Wearable MXene-enhanced organic Bio-FET paper patch for glucose detection in sweat with pH and temperature calibration
Milad Farahmandpour, Zoheir Kordrostami
Abstract
This paper proposes the design of organic Bio-FET sensors using paper as a substrate. Three different wearable biosensors have been engineered for the non-invasive monitoring of sweat biomarkers. The proposed sensors, which have a field-effect transistor (FET) structure, contribute to an array that is flexible, bendable, affordable, disposable, and biocompatible. The approach of drawing Organic FETs (OFETs) on paper using a paintbrush could successfully make cost-effective sweat biochemical sensors (glucose and pH Sensors) and biophysical sensors (temperature-sensor) which are versatile and sensors for real-time health monitoring. PDMS, PEDOT: PSS, and sensitive materials have been used as the oxide layer, source/drain electrodes, and the FET channel, respectively.

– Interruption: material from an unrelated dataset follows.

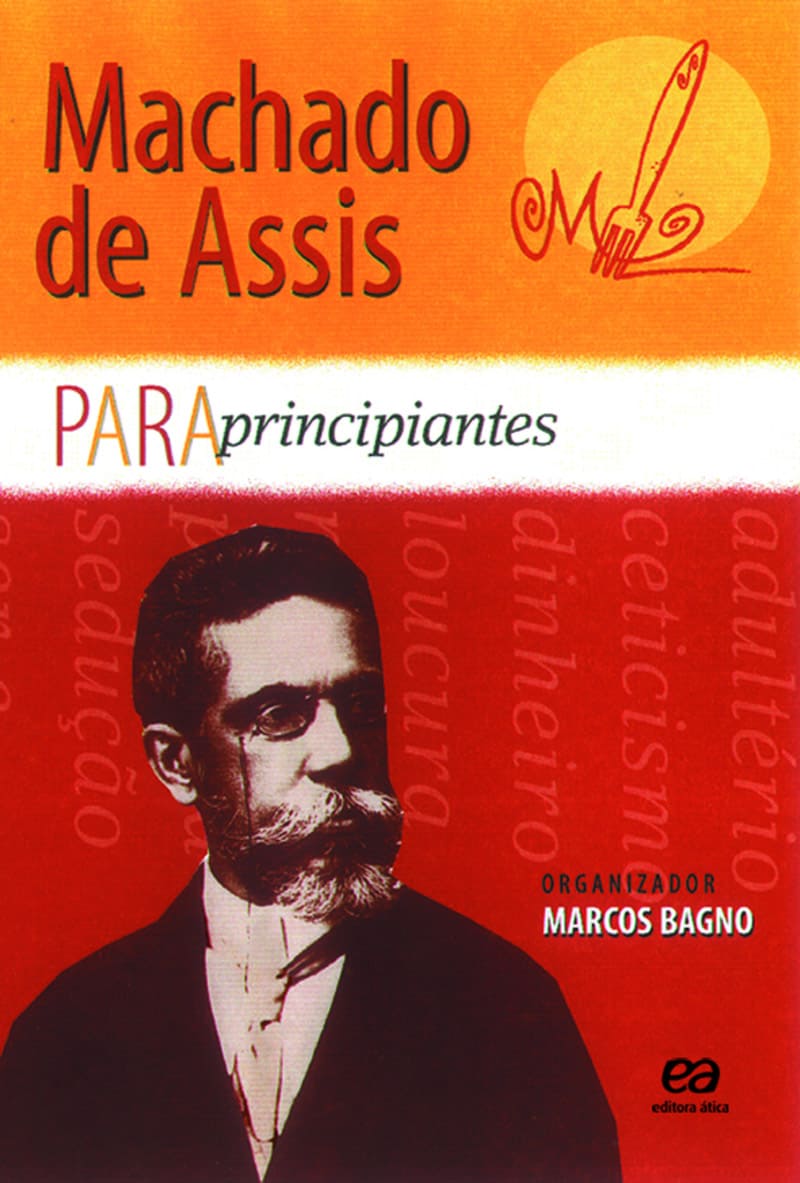 Machado De Assis Para Principiantes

The wearable glucose sensor utilizes a composite of copper oxide (CuO), carboxyl-functionalized multiwall carbon nanotubes (MWCNT-COOH), and Ti₃C₂ MXene (Ti₃C₂ MXene/CuO/MWCNT) as the channel material in its FET structure, enhancing its sensitivity and performance. Additionally, Ti 3 C 2 MXene/MWCNT and Ti₃C₂ MXene/rGO/MWCNT composites were employed in the pH and temperature sensors, respectively, to enhance their functionality and performance. The proposed Bio-FETs are fabricated in three different designs: resistive, side-gated and back-gated structures, and their responses are compared and discussed. Continuous health monitoring is achieved through a fully integrated, disposable wireless device that combines glucose, pH, and temperature sensing. The fabricated Bio-FET exhibits high sensitivity and promising reproducibility, stability, and repeatability. To enhance precision, the proposed glucose sensor has been calibrated using real-time temperature and pH measurements.